Carter’s show starts with a milk crate. Inside the crate are about a hundred CDs — some look like regular Beatles CDs, and some are labeled like laboratory petri dishes. All are Beatles and Beatles solo recordings. Some are the kind anyone can buy in a store; some are so rare that Carter gets real quiet and excited when he talks about them, like a kid who just discovered his dad’s stash of Playboy magazines.


It takes about two hours of pre-production with assistant Mike Walusko and engineer Forrest Nelson to put BWTB together. During the show, the three, with Kris the phone guy, laugh a lot, and 98 percent of the conversation is Beatles. Every Beatle is alive in this room. Nobody eats breakfast.


“There’s something about the Beatles,” says Carter. “More than any other group, they dominated an entire decade. That whole era was taken up with them, and they seem like old friends. I feel like George Harrison was my friend only because I’ve known everything he’s done since the time I was 7.”

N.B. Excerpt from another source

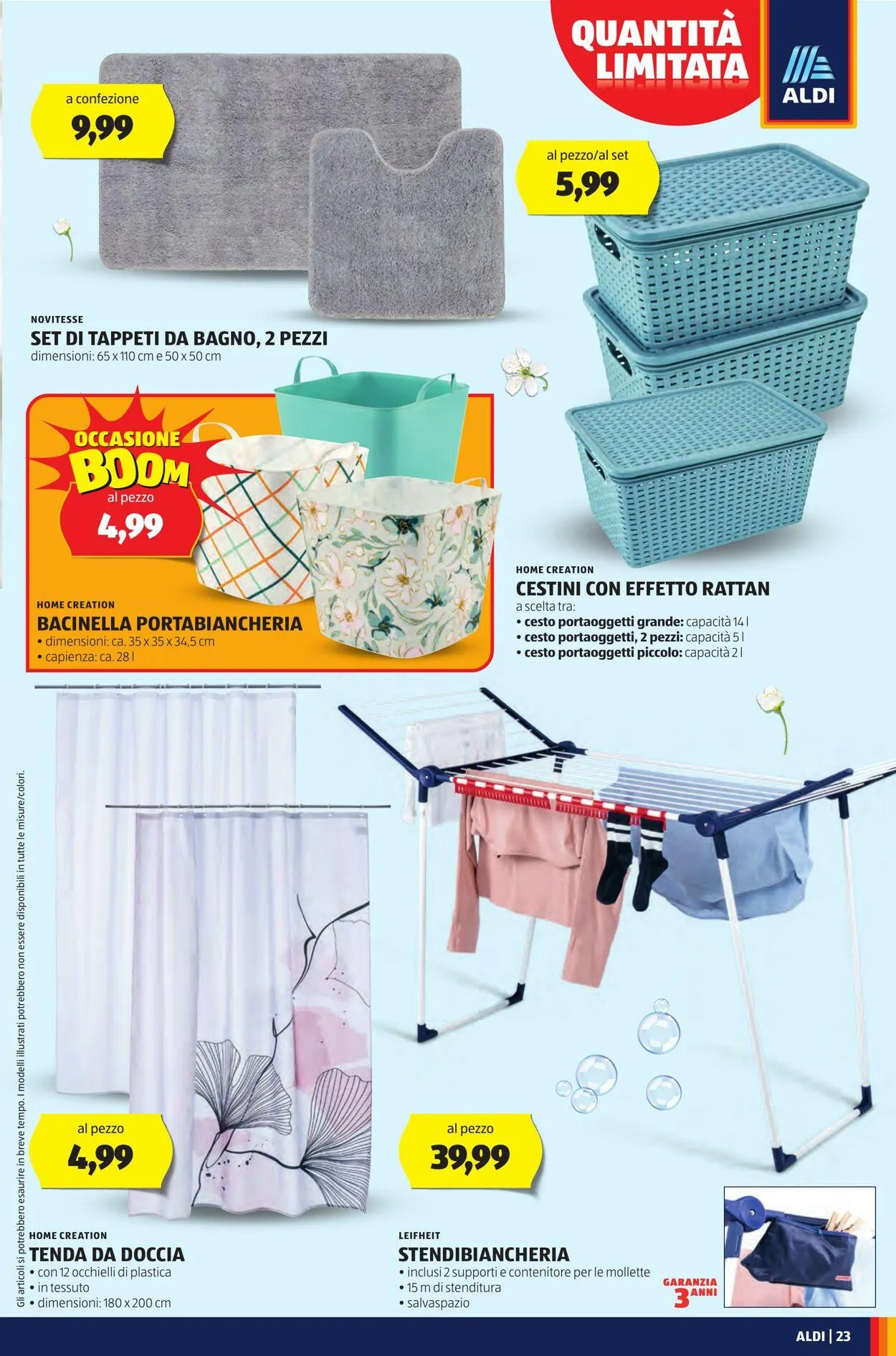 Aldi Volantino attuale da 14 luglio a 20 luglio di 2025 - Pagina del volantino 23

During the request hour, the New Jersey–born Carter haggles over the playlist with callers like an East Coast car salesman. “Yeah, I have the Peter Sellers recording,” Carter tells one guy requesting a particular recording of “Everybody‘s Got Something To Hide Except Me and My Monkey.” “But that has a bad beginning — look, I got a really cool acetate, and I think you’re gonna love it.” The song starts, and a satisfied Carter says to himself, “Yeah, he’s diggin’ that.”